Man muss berücksichtigen, dass Volatilität und Risiko zwei Paar Schuhe sind. Das Risiko zu managen, sollte man nicht mit der Minimierung der Volatilität gleichsetzen. Anleger mögen Volatilität nicht. Das ist verständlich, aber es wäre kontraproduktiv, zu versuchen, die Tagesvolatilität zu minimieren, wenn damit die Treiber der langfristigen Performance aus dem Blick geraten.
Als Anleger müssen Sie heute die Antwort auf eine eigentlich einfache Frage finden: Tolerieren Sie Volatilität oder nicht?
Dass Sie nicht die kurzfristige Volatilität eindämmen möchten, könnte viele Anleger überraschen.
Die langfristige Performance unserer Flaggschiffe beruht darauf, dass wir unsere mittelfristigen Ziele verfolgen und dabei kurzfristige Schwankungen aushalten. Als Anleger müssen in der heutigen Situation die Antwort auf eine eigentlich einfache Frage finden: Tolerieren Sie Volatilität oder nicht?
Sie sind bekannt dafür, dass Sie gegenüber der Marktvolatilität in der Vergangenheit nicht sehr tolerant waren.
Dann ist das eine gute Gelegenheit, um mit einem Mythos aufzuräumen. Wenn wir uns darauf einigen, dass Sie mit Volatilität die Tagesbewegungen meinen, dann waren Fonds wie der Investissement oder auch Patrimoine immer schon recht volatil. Auch wenn es einige überraschen mag: Wir haben uns noch nie um diese Volatilität groß gekümmert. Sie können mit unserer Art von Risikomanagement nicht Tagesbewegungen von zwei, drei oder vier Prozent verhindern. Unser Ziel war es immer, die großen Risiken zu erkennen und das Anlegergeld vor den wirklich großen Korrekturen zu schützen, wie wir sie im Herbst 2008 oder im August 2011 gesehen haben. Diese Ereignisse abzufedern und ein Plus von sechs bis acht Prozent im Jahr auf lange Sicht zu verdienen, das ist das Ziel des Carmignac Patrimoine.

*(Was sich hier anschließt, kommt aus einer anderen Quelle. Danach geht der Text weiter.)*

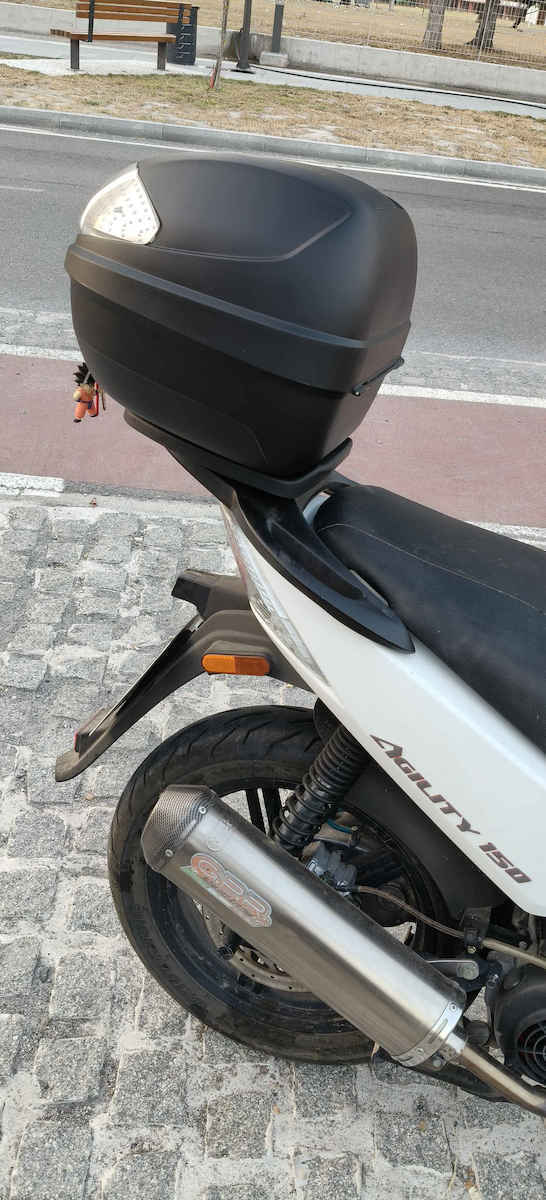 Givi Top Case Monolock Monolock Pentru Motocicletă 30 L Neagră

Das hieße, dass Anleger bei Ihren großen Fonds künftig stärkere Schwankungen und damit auch höhere Drawdowns in Kauf nehmen müssen.

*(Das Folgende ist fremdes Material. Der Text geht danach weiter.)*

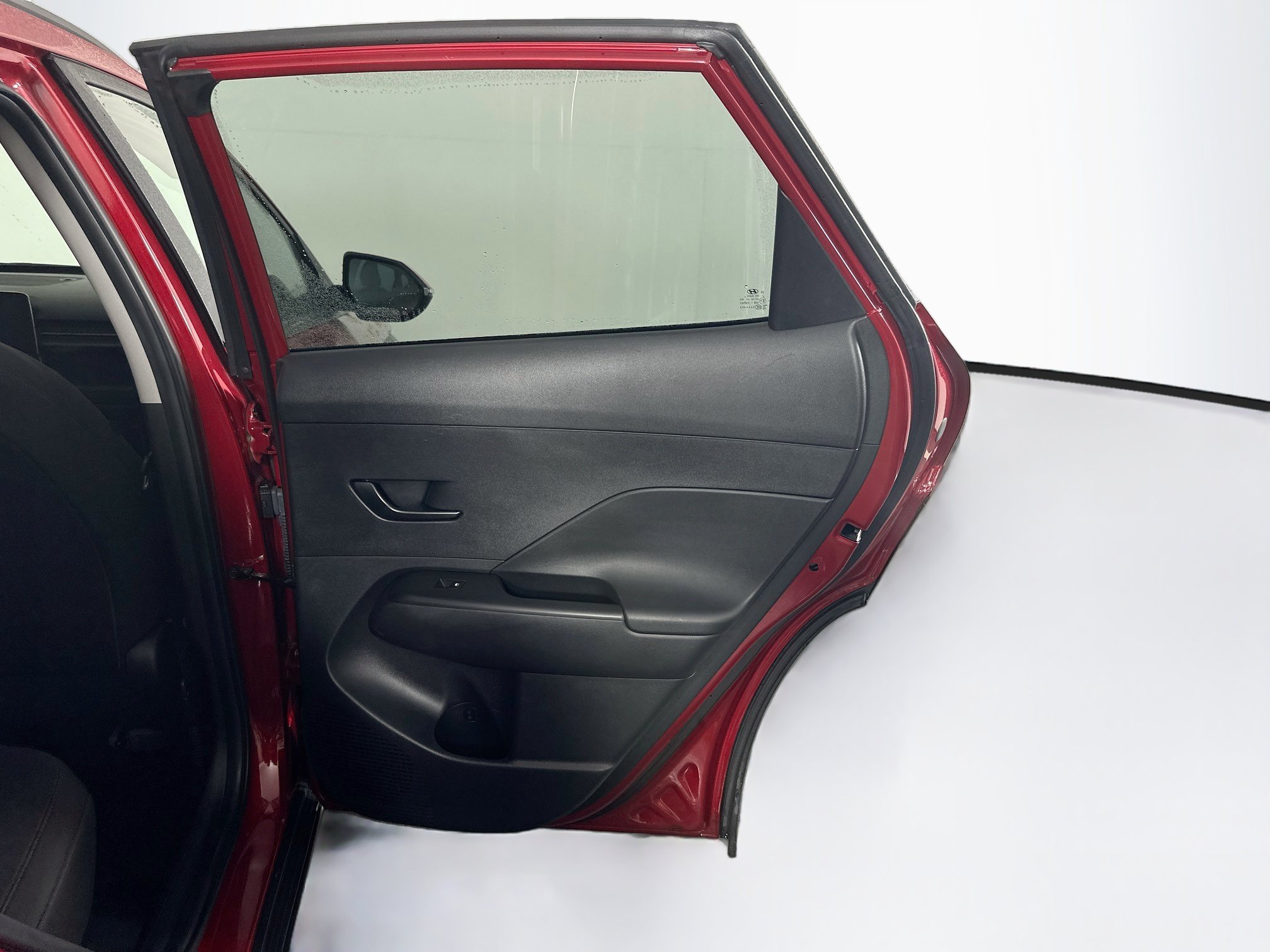 Used 2025 Hyundai Kona SEL FWD image 29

Wenn wir das Abwärtsrisiko als substanziell einschätzen, dann handeln wir so, wie wir das immer getan haben. Aber die Tagesvolatilität wird künftig höher sein als in der Vergangenheit, und das wird sich nicht nur in unseren Fonds widerspiegeln. Sie können insofern ausgehen, dass die Sharpe Ratios überall sinken werden. Aber, wie gesagt, wir müssen in der Lage sein, unsere mittelfristigen Ideen durchzusetzen, und das können Sie nicht, wenn Sie sich nur auf die Kontrolle der Tagesvolatilität konzentrieren.